--- RECORD EXCERPTS Enclosed Below ---
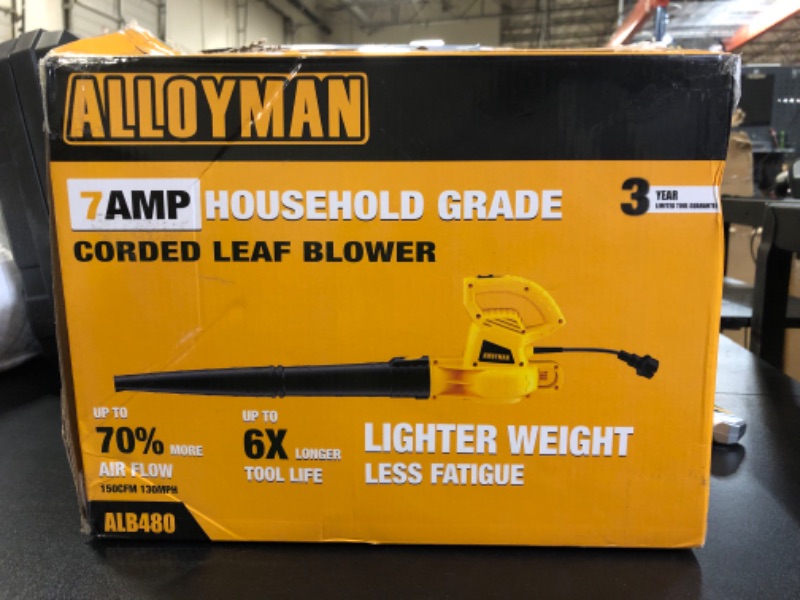 Photo 2 of ALLOYMAN Electric Leaf Blower,7AMP Lawn Blower,130MPH Mini Leaf Blower Lightweight & Portable for Lawn Care/Snow Blowing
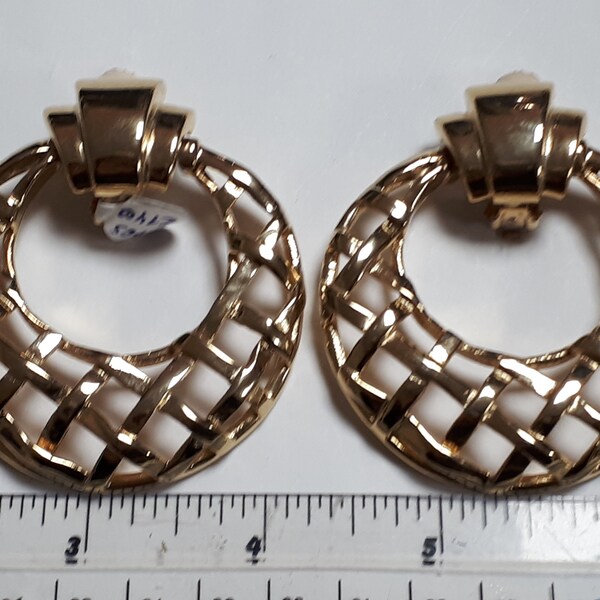 Ugo Correani for Les Bernard HUGE door-knocker earrings, goldtone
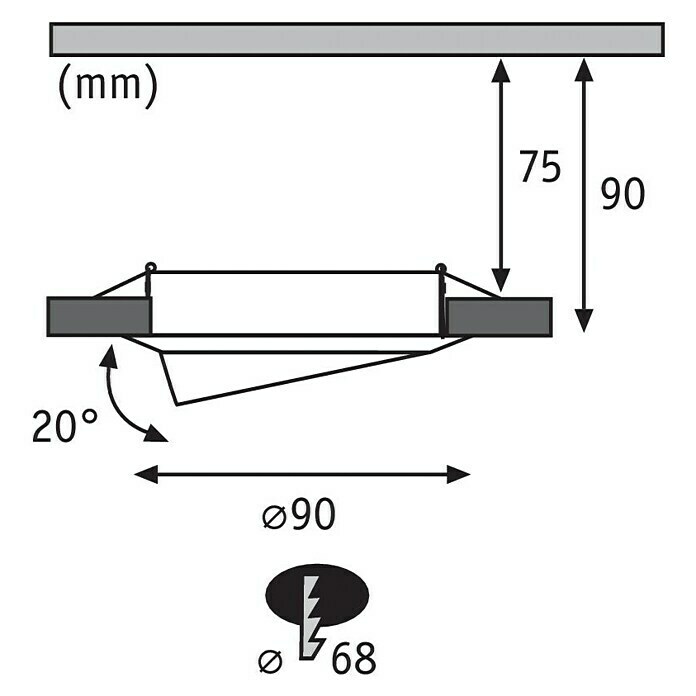 Paulmann LED-Einbauleuchten-Set (5 W, Eisen gebürstet, Durchmesser: 9 cm, 3 Stk., GU10)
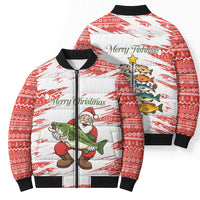 Christmas Fishing Bomber Puffer Jacket with Santa Claus Fish Tree and Red Snowflake Pattern - Wonder Print Shop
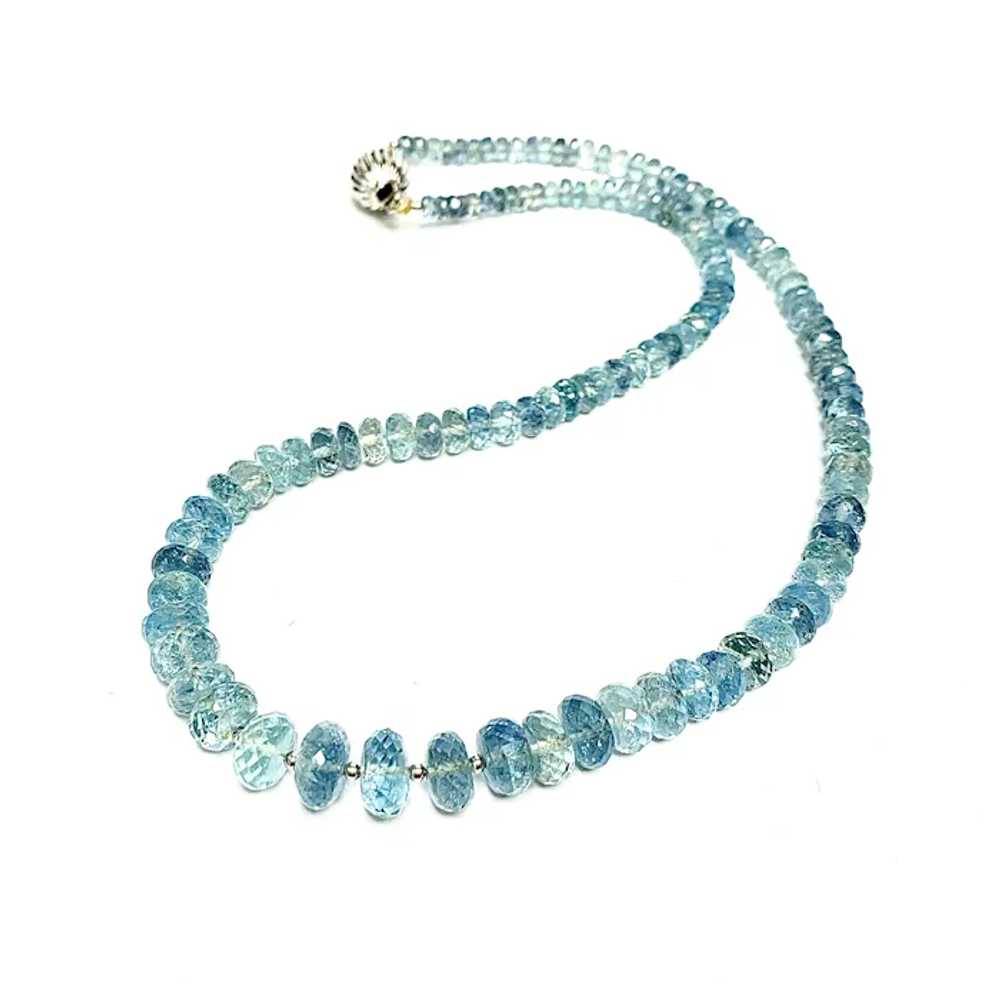 Necklace of Aquamarine and 14k White gold - image 2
--- End of Enclosed RECORD EXCERPTS ---
Write out exactly the opening lines of the data, stopping after the line that holds "Christmas Fishing Bomber". Exclude pictures.

» PROBLEM SOLUTION
 Photo 2 of ALLOYMAN Electric Leaf Blower,7AMP Lawn Blower,130MPH Mini Leaf Blower Lightweight & Portable for Lawn Care/Snow Blowing
 Ugo Correani for Les Bernard HUGE door-knocker earrings, goldtone
 Paulmann LED-Einbauleuchten-Set (5 W, Eisen gebürstet, Durchmesser: 9 cm, 3 Stk., GU10)
 Christmas Fishing Bomber Puffer Jacket with Santa Claus Fish Tree and Red Snowflake Pattern - Wonder Print Shop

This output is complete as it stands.